= TASK BRIEF =
What is needed is an exact repeat of the lines from the one holding "2025 Lexus GX 550 550 PREMIUM+" through the final line of the data, with no pictures.
*** RECORDS FOR THE TASK ***
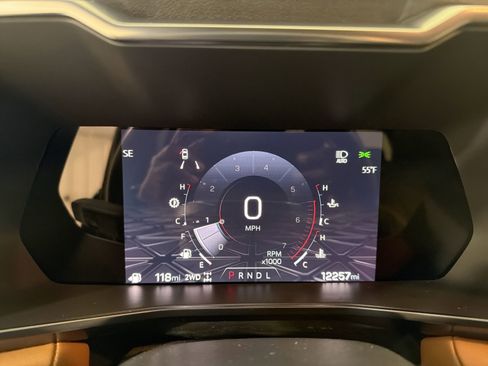 Used 2023 GMC Canyon AT4 w/ Canyon Safety Plus Package image 16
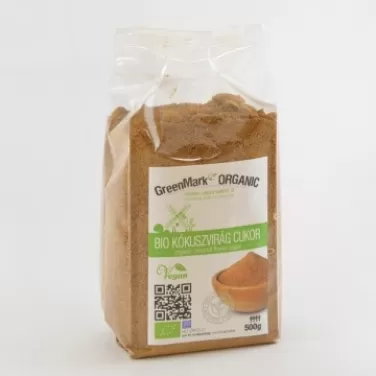 bio Kókuszvirág Cukor 500g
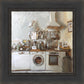 Parisian Kitchen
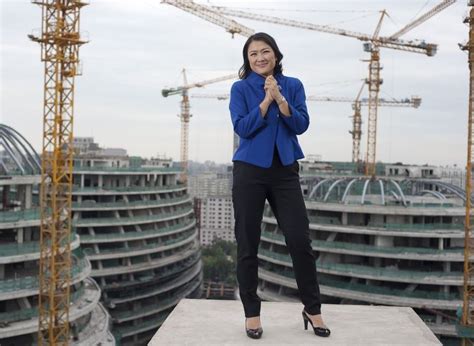 How Zhang Xin Went From Sweat Shop Girl To Self Made Billionaire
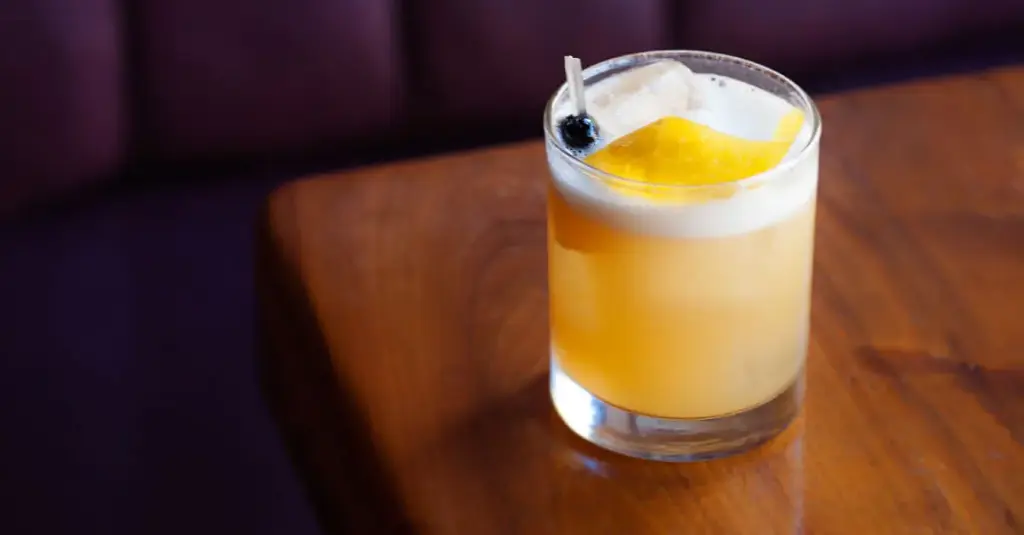 7-Whiskey Sour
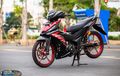 Honda Supra GTR 150 Makin Sangar, Mesin Naik Jadi 234 cc, Kaki-kaki Maksimal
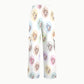 Women's LABUBU Printed Scrub Set SN06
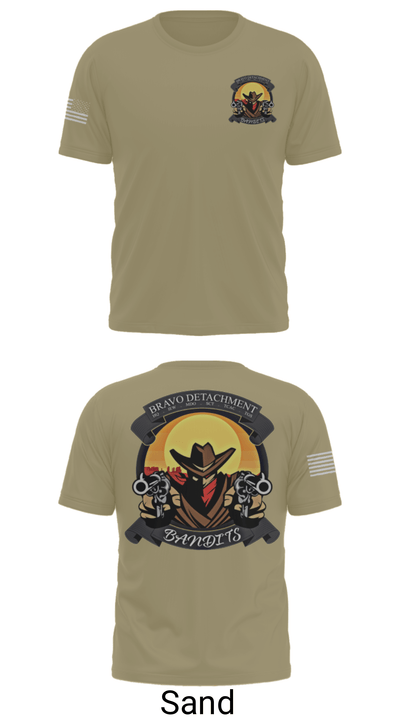 B DET, 502D IEW BN 43347096 Short Sleeve Performance Shirt - 36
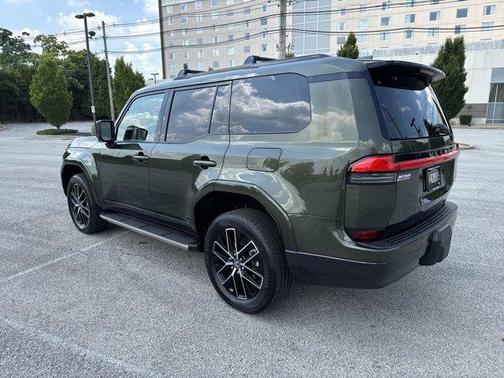 2025 Lexus GX 550 550 PREMIUM+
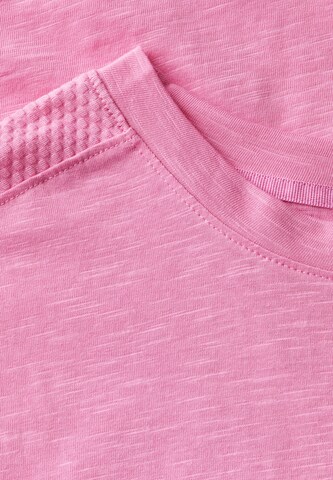Street One Studio T-Shirt in Pink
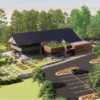 Royal Bliss rendering just off West Catawba | Royal Bliss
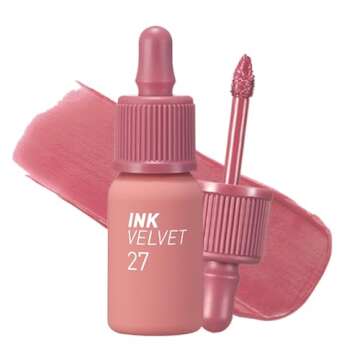 Peripera Ink the Velvet Lip Tint - High Pigment Color for Everyday Elegance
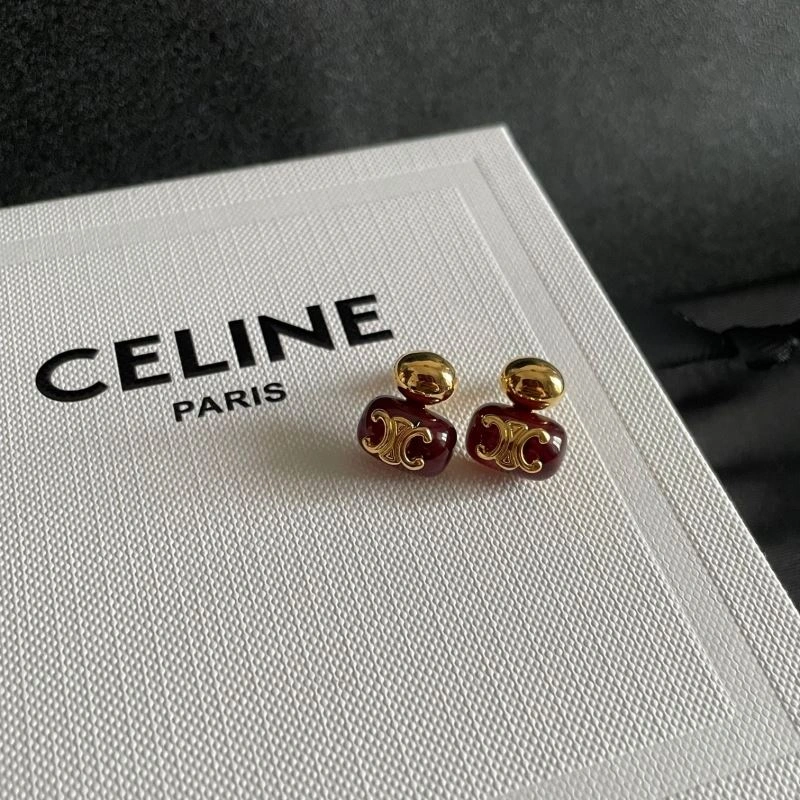 Celine Earrings Timeless 218420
*** End of RECORDS FOR THE TASK ***
= WRITTEN RESPONSE =
 2025 Lexus GX 550 550 PREMIUM+
Street One Studio T-Shirt in Pink
 Royal Bliss rendering just off West Catawba | Royal Bliss
 Peripera Ink the Velvet Lip Tint - High Pigment Color for Everyday Elegance
 Celine Earrings Timeless 218420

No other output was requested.